WORK REQUEST: Write out exactly the lines of the entries below from the one holding "Zur musikalischen Temperatur." to the one holding "现货配资平台 股票配资门户网：一站式配资服务平台，助力投资者轻松实现资产增值", inclusive, and leave out all other lines.

SUPPLIED ENTRIES:
····················
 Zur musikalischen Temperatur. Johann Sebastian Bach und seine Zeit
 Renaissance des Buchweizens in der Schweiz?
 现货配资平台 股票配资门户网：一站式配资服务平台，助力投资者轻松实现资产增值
····················
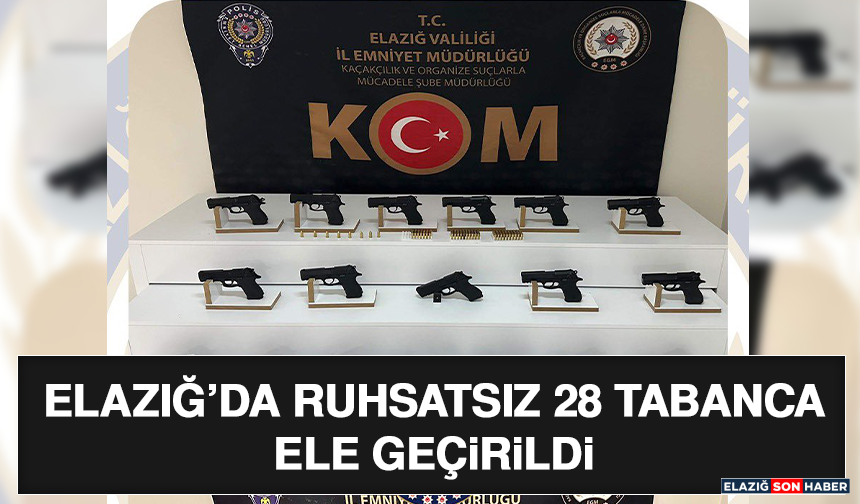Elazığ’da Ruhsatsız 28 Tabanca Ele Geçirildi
····················
TASK RESPONSE:
 Zur musikalischen Temperatur. Johann Sebastian Bach und seine Zeit
 Renaissance des Buchweizens in der Schweiz?
 现货配资平台 股票配资门户网：一站式配资服务平台，助力投资者轻松实现资产增值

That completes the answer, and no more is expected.